Вечер 27 декабря. Нас, детей, приводят в голубую гостиную. Мы
встаем около двери в зал. Он полон народом. Гроб дедушки стоит на возвышении.
Идет заупокойная служба – парастас. С нами кроме мамы и других близких стоит
тетя Маша, моя крестная, с заплаканным лицом. Она всегда приезжает к нам на
Рождество. Служба длится довольно долго.
После окончания присутствовавшие представители города,
родственники и служащие нашего предприятия постепенно расходятся, и нам
разрешают подойти к гробу. На следующий день утром после краткой панихиды мы,
дети, прощаемся с дедушкой. Папа стоит у гроба, а мы подходим с другой стороны,
где были сделаны ступеньки. Когда очередь дошла до меня, папа слегка улыбнулся
мне. Эта невольная нежность, промелькнувшая на его лице (как я теперь ее
понимаю!), относилась к сознанию того, что с дедушкой прощается его крестник,
который по воле покойного носит данное им ему имя.
Когда я взобрался на ступеньки, папа говорит мне: «Целуй сюда»
– и показывает на венчик на лбу дедушки. Но я не мог дотянуться, поцеловал
дедушку в нос и содрогнулся… Он холодный!
После прощания последовал вынос. Гроб установили на катафалк,
и вся процессия двинулась мимо дома, огибая его угол. Мы прильнули к окнам
в зале и наблюдали. Перед катафалком ехала двуколка с можжевельником, который
разбрасывали по пути следования процессии.
Отпевание происходило в нашем приходе – в Благовещенском храме,
который находится в переулке около набережной, в районе пристаней. Похоронили
дедушку на Леонтьевском кладбище рядом с могилой прадеда.
После смерти дедушки в доме все осталось попрежнему.
Установившийся уклад жизни сохранялся, следуя традициям того времени.
НАШ ДОМ
В помещении нижнего этажа находился кабинет прадеда. В кабинете
вся обстановка сохранялась в том виде, как это было при нем.
Комната была слегка продолговатой. У стены против окон стояли
большая тахта и мягкие кресла. На этой стене висел писанный маслом большой
овальный портрет деда.
Иван Александрович изображен на нем в мундире городского головы,
с традиционным знаком отличия – круглой медалью на золотой цепочке поверх
мундира.
У противоположной стены вдоль окон, слегка отступая, были
размещены застекленные витрины с различным библиографическим материалом. У стены
наружного входа стоял большой книжный шкаф почти во всю стенку, в котором
находился многотомный энциклопедический словарь Брокгауза и Ефрона в полном
комплекте и другие книги. Перед шкафом стоял большой письменный стол прадеда со
всеми принадлежностями, которыми он пользовался до последних дней своей жизни.
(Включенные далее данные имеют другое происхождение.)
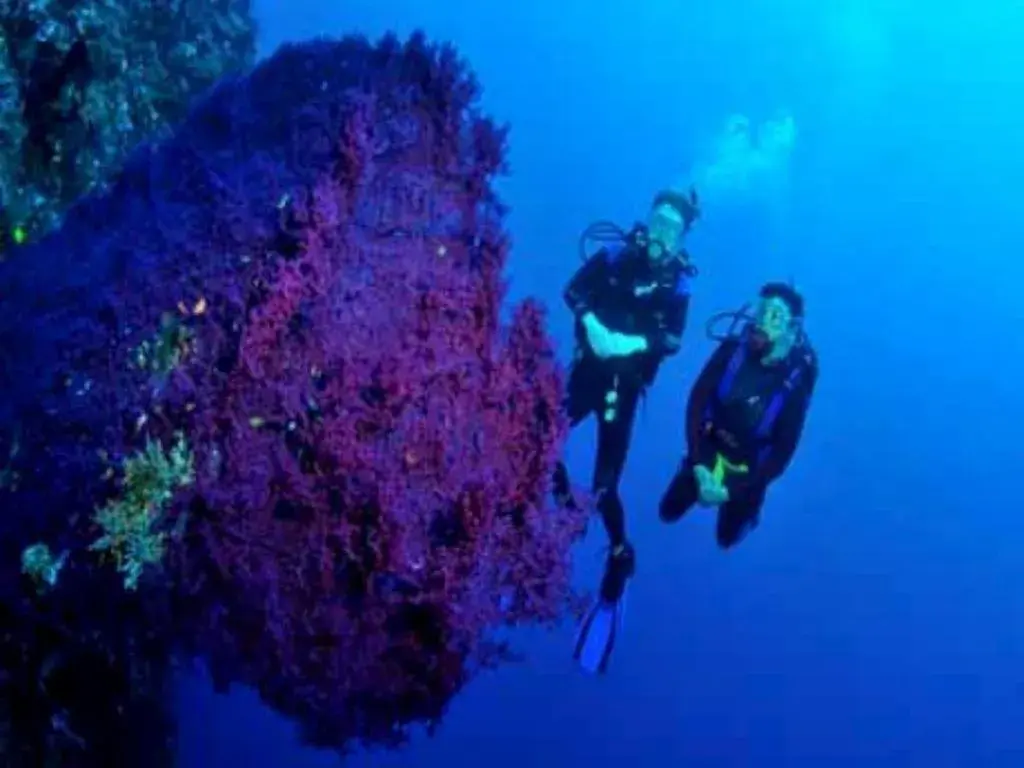 Tulamben Wreck Divers Resort & Restaurant Tulamben Wreck Divers Resort & Restaurant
И как уникум того времени – пишущая машинка.
У стены внутреннего входа располагались мебель для посетителей
и большой стол для работы технического персонала во время совещаний или приема.
Этот кабинет использовался дедом, а по традиции – и моим отцом для совещаний со
своими ответственными служащими, руководившими производством
и торговлей.
Рядом с кабинетом была небольшая проходная комната; в ней теперь
жила бабушкина воспитанница портниха Варя (почти совсем глухая от природы
девушка).
Из этой комнаты массивная дверь вела на площадку с закругленной
винтовой лестницей в подвальное помещение, приспособленное для книгохранилища;
в нем за железной дверью находилась знаменитая дедушкина библиотека. Между
прочим, ключи от библиотеки было поручено хранить этой Варе. Вход в библиотеку
находился как раз под залом, в центральном углу дома.
В первом этаже, далее от этого угла дома, находилась комната для
приезжающих. Ранее это была спальня прадеда, она разделялась в середине
драпированной перегородкой от самого потолка и имела вид гостиничного номера:
салон и спальня.
Остальная часть первого этажа была занята комнатами прислуги,
хозяйственными помещениями (у входа в дом со стороны двора) и двумя кухнями.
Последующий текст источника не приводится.